This is almost word to word what I'm seeing.
Disabling SMT didn't remove the problem and there's no option to disable OPCache on MSI Mortar Arctic. Setting the LLC to 5/8 didn't help either.
> In the Asus BIOS there is an option called called OPCache Control. Disabling this may resolve this issue.
> Another suggestion is to try disabling SMT. Look for an option in the Bios called 'Disable SMT'.
Thank you for sharing this information. However, as I said at May 23, 2017 6:14 PM in this thread,
the above mentioned workarounds didn't work for me. In addition, although my BIOS is ASUS PRIME X370 pro,
there would be no OPCache option.
Is AMD trying to make a new AGESA fixes this problem, not only finding workarounds which may work for some people?
I am having exactly the same issues as the original poster (and the numerous others that have posted on the gentoo forum linked in the original message). I do not have an OP Cache setting in my motherboard (MSI X370 Gaming Pro Carbon) so I am not able to disable it.
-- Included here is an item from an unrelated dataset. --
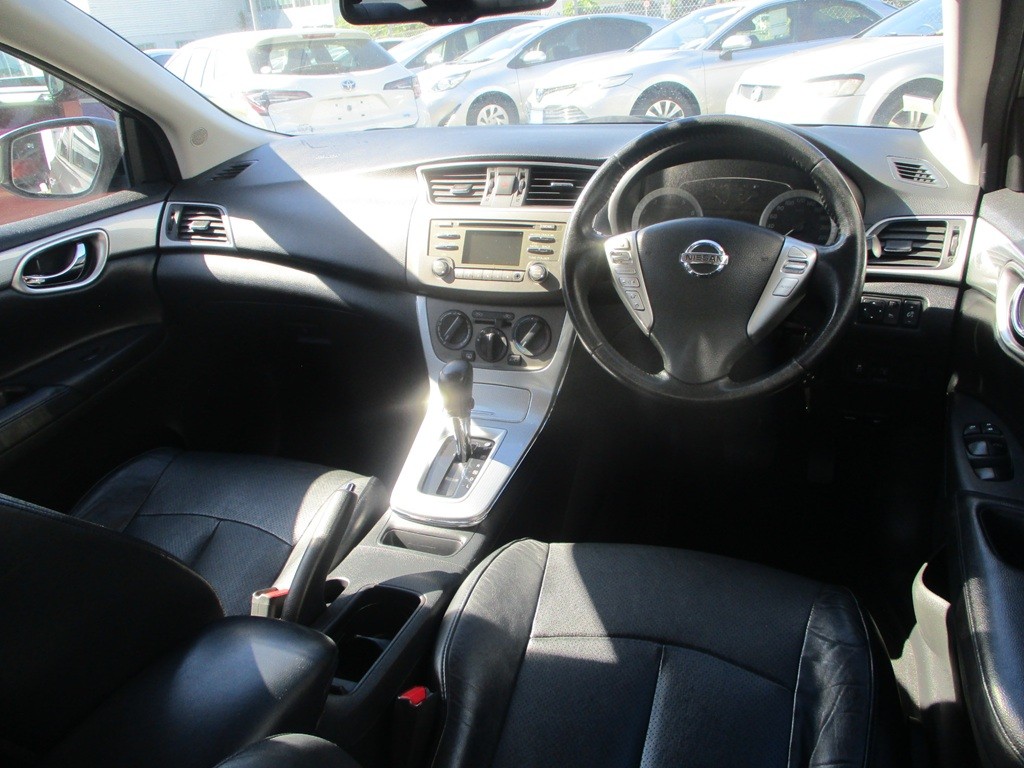 2014 Nissan Pulsar TI Carousel 3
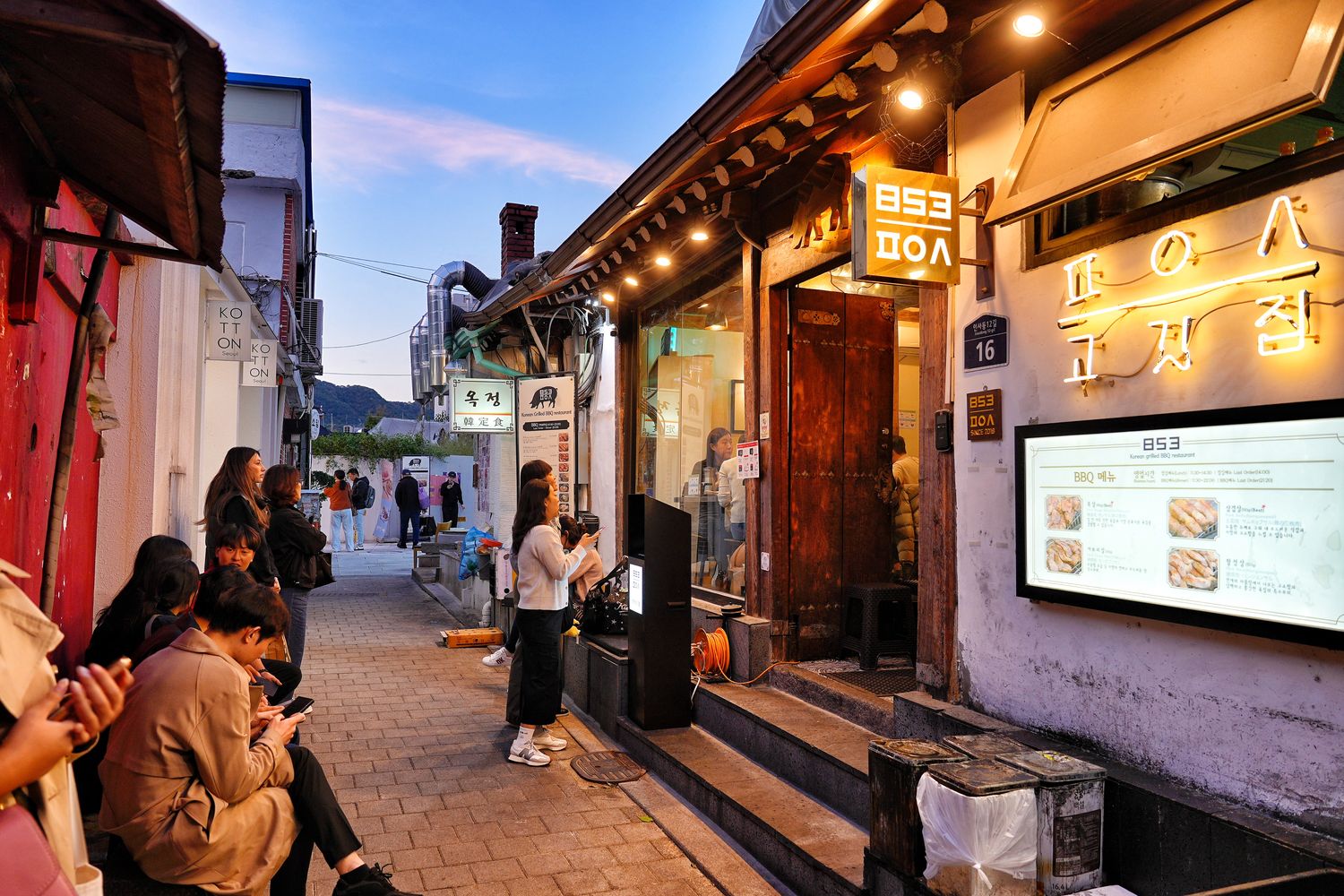 853韓式燒烤餐廳|仁寺洞美食推薦，傳統韓屋排隊名店! @混血珊莎的奇幻旅程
Turning off SMT does not fix the problem.
I have tried various combinations of the following with little to no effect:
Varying clock speeds and timings of my RAM (Corsair 3200MHz) as low as 1866MHz CL 16.
Using the "performance" CPU governor.
Various LLC settings from auto (off?) through 4.
Setting the NB voltage up to 1.15V
While the problem encountered is 'random' segmentation faults in that they do not occur in any fixed memory address or particular part of a compile, the system will very consistently crash / segfault in any highly multi-threaded process that uses a lot of RAM. To reproduce the issue, I simply loop through compiling mesa 17.0 with -j16 and the build directory mounted to tmpfs (i.e. a ramdisk location for the build files). If I make it past 10 minutes without a segfault it's a lucky run.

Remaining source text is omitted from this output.